No need to play the guessing game - we're here to provide you with a definitive answer on which size kayak is best for you. We'll cover sizing based on height/weight, experience level, kayaking style (the type of water you paddle in), and more. By the end of this article, you'll know exactly what kayak size you need. Let's get things started by discussing the different kayak dimensions.

Start By Understanding Kayak Dimensions

Before we can answer the question what size kayak do I need for my height and weight, we must explain the different kayak dimensions. Having an in-depth understanding of these different aspects will make the process easier.

Kayak Length

This one is pretty simple - the kayak length is the figure from bow to stern. Most kayaks fall somewhere around 10' long - but as you can imagine, there are much shorter and much longer options as well. You can find kayaks anywhere from as short as 6' all the way up to 16'. And it should go without saying that the taller you are, the longer kayak you should go with.

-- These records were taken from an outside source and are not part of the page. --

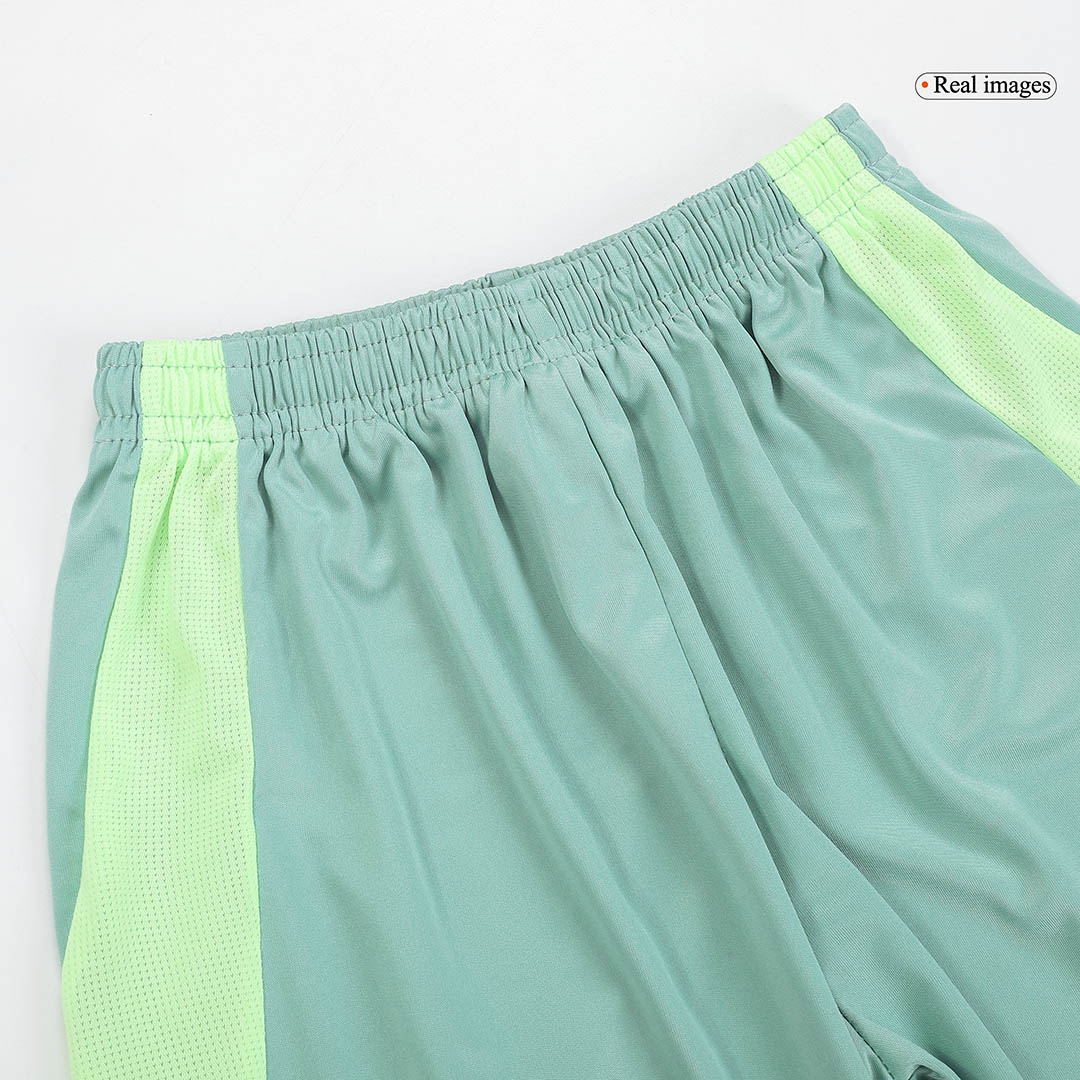 Kid's Mexico Away Jersey+Shorts Copa America 2024 - Soccerfana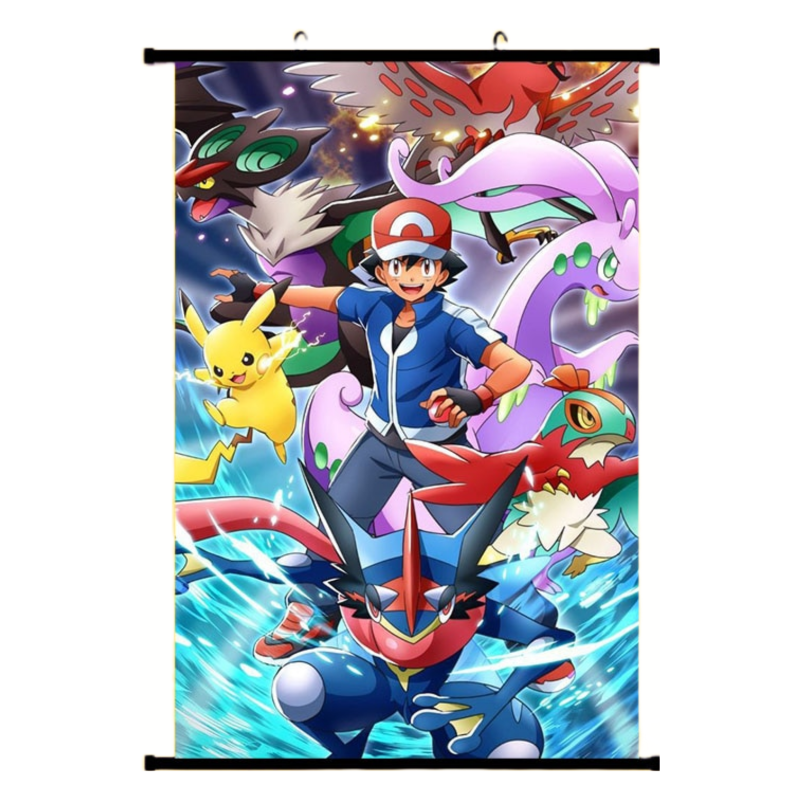 Pokémon Affisch Ash Ketchum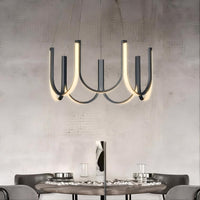 ULLA Ring Chandelier by Lampadom - ambient shot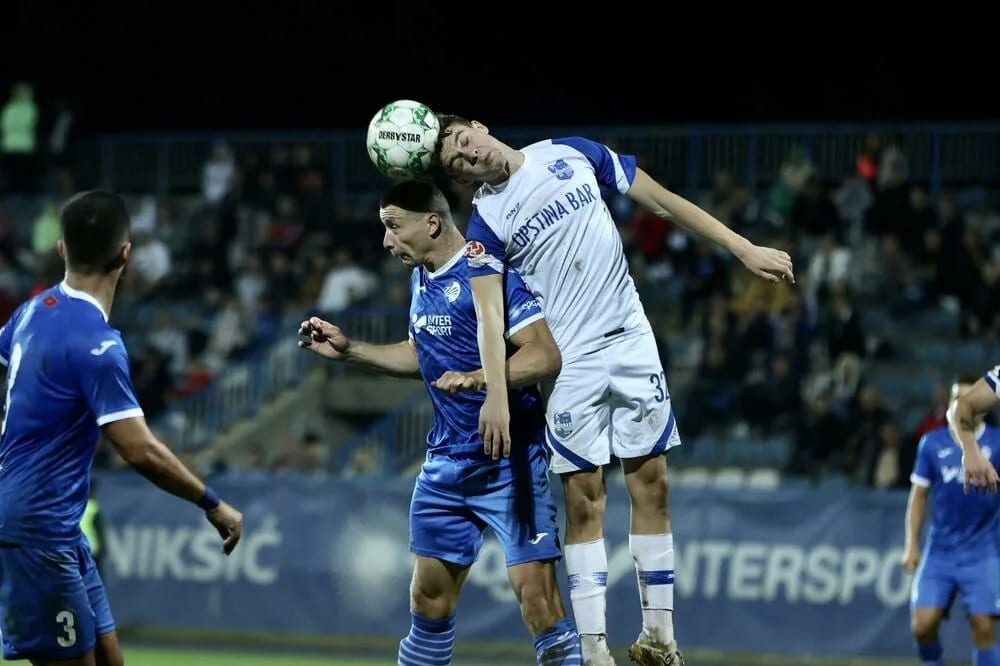 Sutjeska u goleadi bolja od Petrovca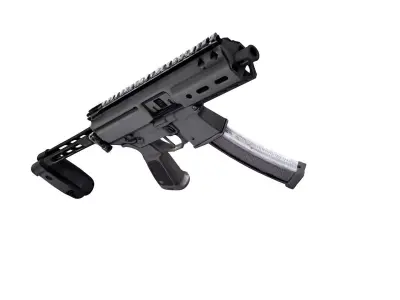 Sig MPX-K Rifle  3D model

But it's not quite that simple - you may be on the shorter end and still opt for a longer kayak because they are generally faster. On the other hand, if you're tall but want to kayak in whitewater rapids or river currents, you'll want a shorter kayak to accommodate your style.

Kayak Width

The width of your kayak is measured from the widest part of your boat. Generally speaking, the wider a kayak the more stable it is. The narrower a kayak is, the faster it is. This is the tradeoff you get with width. That's why you'll see that most fishing kayaks are pretty wide - to help you cast your line out and move around the cockpit without wobbling. Hardshell kayaks, on the other hand, are much narrower and built for speed - but they sacrifice stability.

Kayak Volume

Many new kayakers shopping for a boat will just factor in kayak length and width. But, kayak volume is another important spec to look at when you're shopping for your new boat. In fact, we use this as the primary determinant in what size kayak you need based on height and weight. More on that later.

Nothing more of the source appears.